Did you know that the process of obtaining original Title Deeds has changed?
While this has probably remained below the radar for many home owners, amendments to Regulation 68 47/1937 of the Deeds Registries Act which were published in January this year (2019) means that there's a longer, more onerous - and no doubt costlier route you need to follow if you've lost the original Title Deed to your property.
A Title Deed is proof of ownership of the property - registered in your name, and signed and endorsed by the Registrar of Deeds.
Read more: Titles deeds, the Deeds Ofiice and Deeds Registry
But, points out Lanice Steward, head of training for Pam Golding Properties, if you are selling your property, not being in possession of the Title Deed could end up delaying the transfer to the new owner.
Says Steward: "If you have paid off your mortgage, or paid cash for your home when you acquired it, you as the owner of the property should be in possession of the original Title Deed, whereas if you have a mortgage on the property, the bank will hold this document and you may retain a copy.
"In the case of the bond being paid off, then the bank's attorney would have been required to give you the original Title Deed to your property. Alternatively, it may be that you may have simply mislaid the original Title Deed.

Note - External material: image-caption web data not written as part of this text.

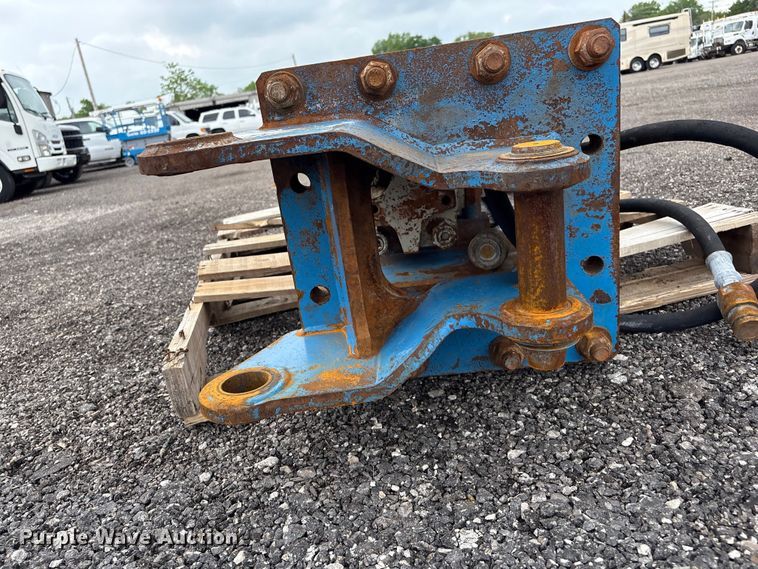 image for item FI0164 Excavator breaker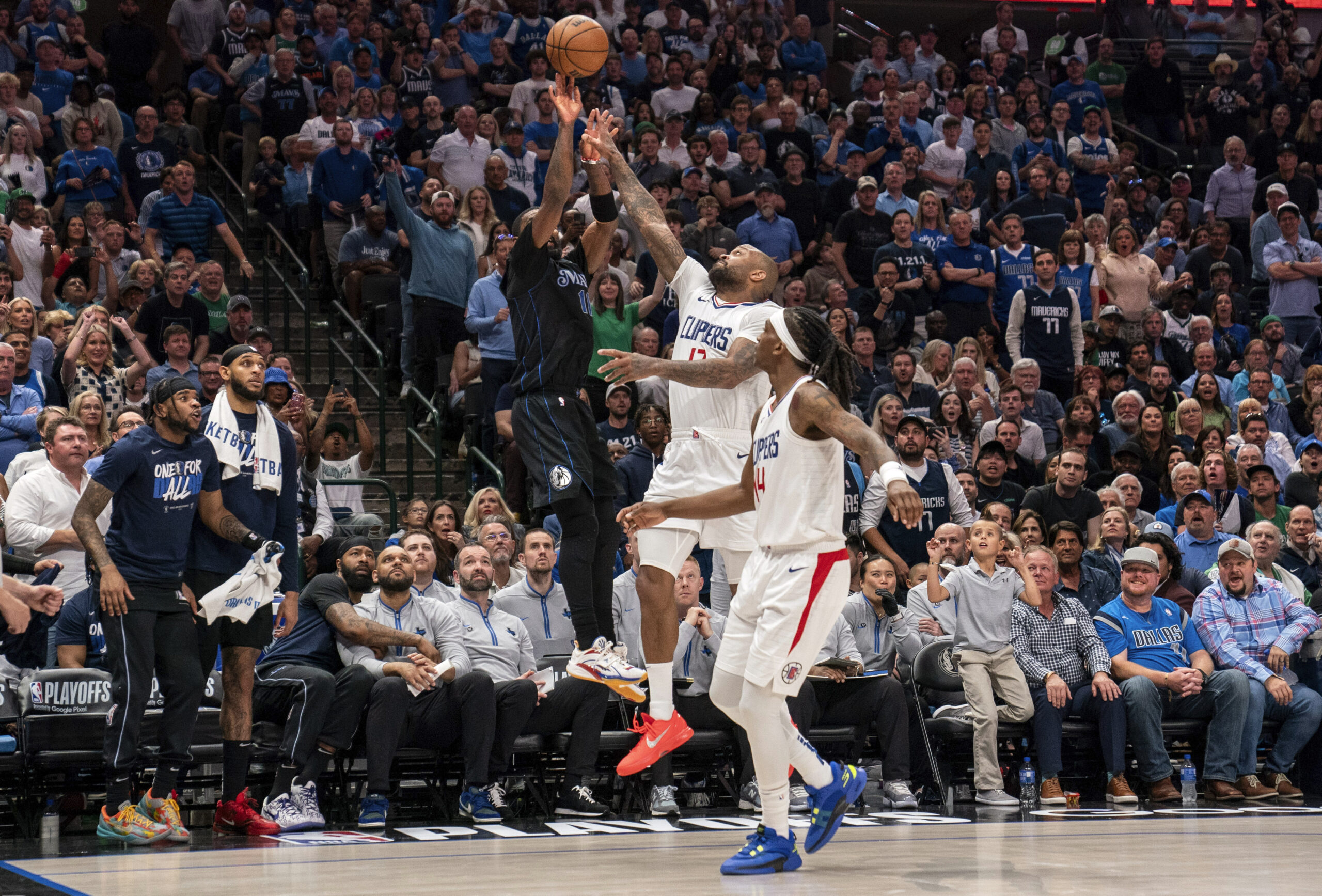 Kyrie Irving Mavericks beat Clippers Game 6 NBA playoffs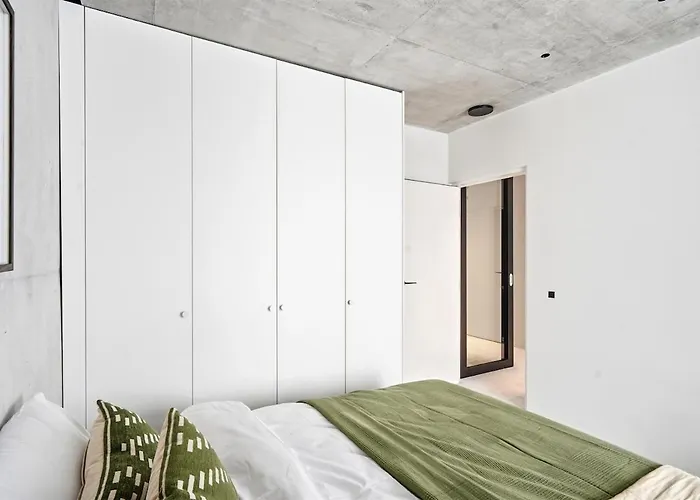 Smart Cinema Sauna Sonos Audio Garage *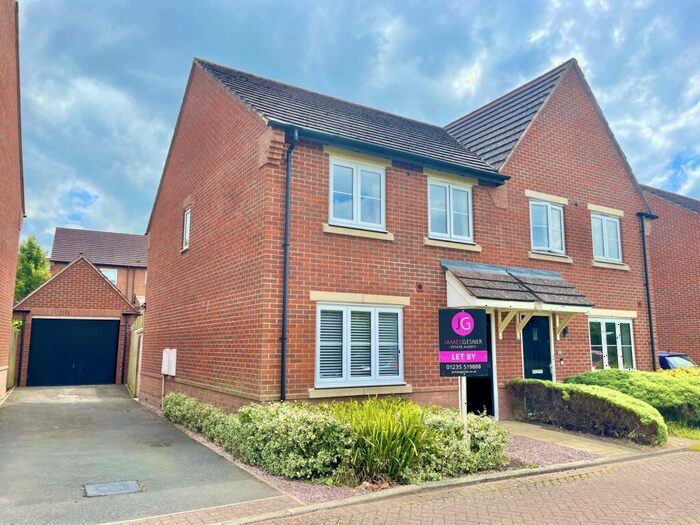 3 Bedroom Semi-Detached House To Rent In Ash Way, Didcot, OX11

"In any event, you still have a window of opportunity to obtain your Title Deed before the new process kicks in.
"What you need to do is check where your Title Deed is, and if it is not in your possession it is advisable to go to your local Deeds Office before the deadline, and complete an application requesting a certified Title Deed. If you are not near a Deeds Office, you can ask your local attorney to apply for a new certified Title Deed on your behalf. This will result in the lost Title Deed being null and void."
This will avoid the new process, which dictates that over and above the existing application process, your application and affidavit will need to be attested by a notary public, and must be advertised in the Government Gazette, and in addition, must for two weeks be open for inspection by the public at the Deeds Registry. All of which costs you both time and money.
And for buyers, adds Steward, if you are acquiring a property and paying cash, ensure the original Title Deed is sent to you by your transferring attorney. This will be available from the Deeds Office about three months after the transfer. This will avoid any delays in the registration process, or additional cost when you want to sell. Ensure that your Title Deed is in a secure place and it is also advisable to keep an additional certified copy of your Title Deed in a different location.